• **PROBLEM**
Every entry gets copied exactly. No images go into the copy.

• **Dataset entries**
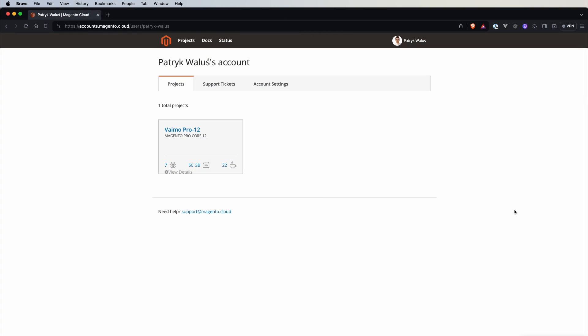Alright, so once we log in to our account, we can see this view. Here we have three tabs. The first one is project, so we can see all the projects assigned to our account and also we can see some basic information like how many users, environments and storage are in a specific project.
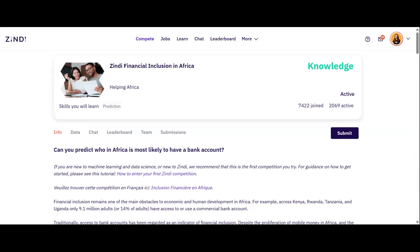On the challenge page, you'll find important sections such as timeline, evaluation and rules. I recommend going through each of these sections carefully for every challenge you join to understand the specific requirements and expectations.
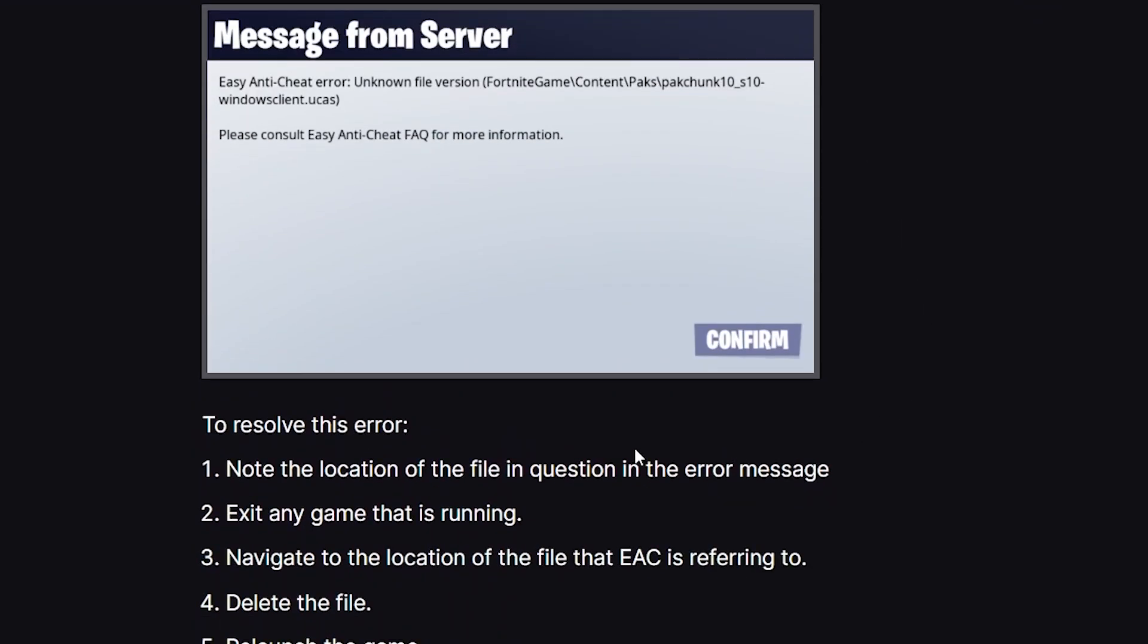Start by noting the location of the file in question in the error message. For you, the location can be different, but in this case you can see the location here.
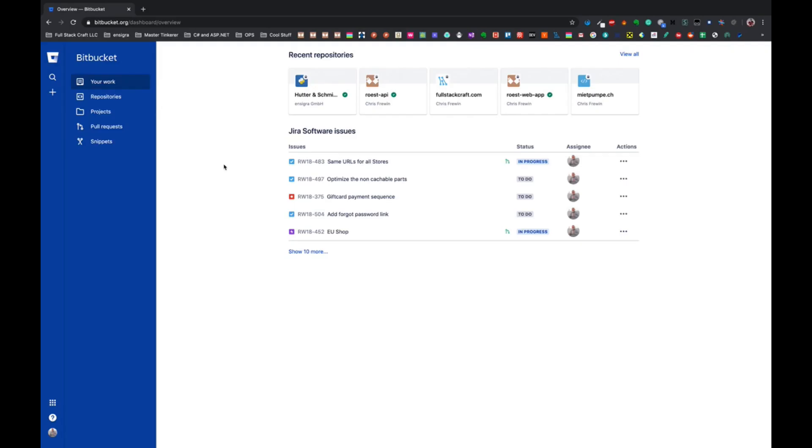The first thing we'll need to do is create a BitBucket repository. Although we clone the initial repository from GitHub, we'll have to create a repository here and then transfer the origin URL of the repository to the created repository here in BitBucket.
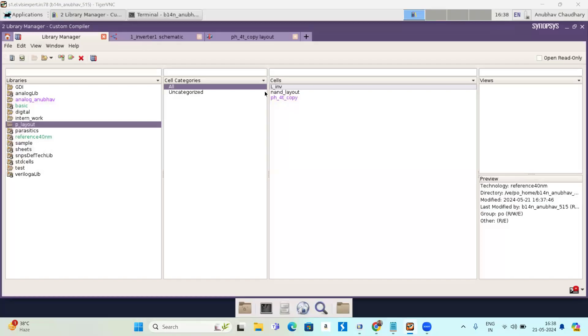Hello everyone, welcome to your channel LESA Expert. I am Anbar, in the final year of my studies. Today we are going to see the layout of an inverter. Now let's begin — I am going to create my cell view.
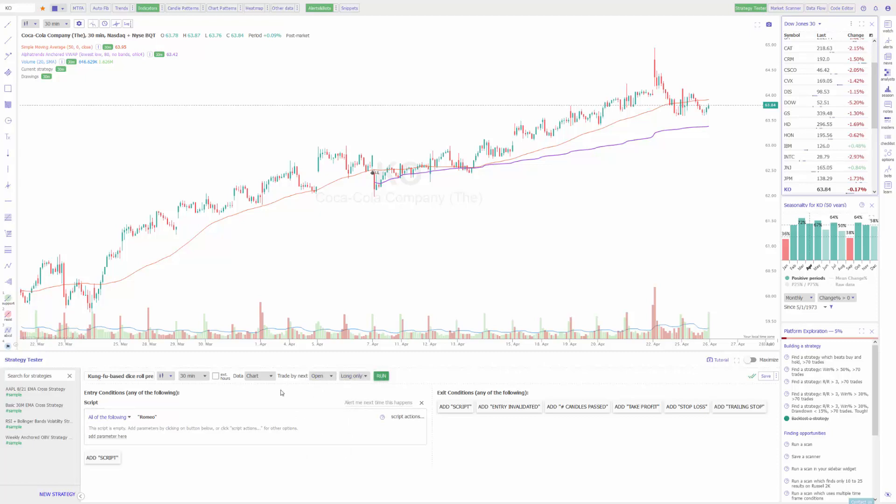On the left hand side of our screen these are our entry conditions. On the right hand side is our exit condition, so how we exit the trade. To keep things simple to start, I'm going to do one of the sample built-in strategies that TrendSpider gives as an example. We'll go over that first and then show you how to make your own.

• **EXERCISE ANSWER**
Alright, so once we log in to our account, we can see this view. Here we have three tabs. The first one is project, so we can see all the projects assigned to our account and also we can see some basic information like how many users, environments and storage are in a specific project.
On the challenge page, you'll find important sections such as timeline, evaluation and rules. I recommend going through each of these sections carefully for every challenge you join to understand the specific requirements and expectations.
Start by noting the location of the file in question in the error message. For you, the location can be different, but in this case you can see the location here.
The first thing we'll need to do is create a BitBucket repository. Although we clone the initial repository from GitHub, we'll have to create a repository here and then transfer the origin URL of the repository to the created repository here in BitBucket.
Hello everyone, welcome to your channel LESA Expert. I am Anbar, in the final year of my studies. Today we are going to see the layout of an inverter. Now let's begin — I am going to create my cell view.
On the left hand side of our screen these are our entry conditions. On the right hand side is our exit condition, so how we exit the trade. To keep things simple to start, I'm going to do one of the sample built-in strategies that TrendSpider gives as an example. We'll go over that first and then show you how to make your own.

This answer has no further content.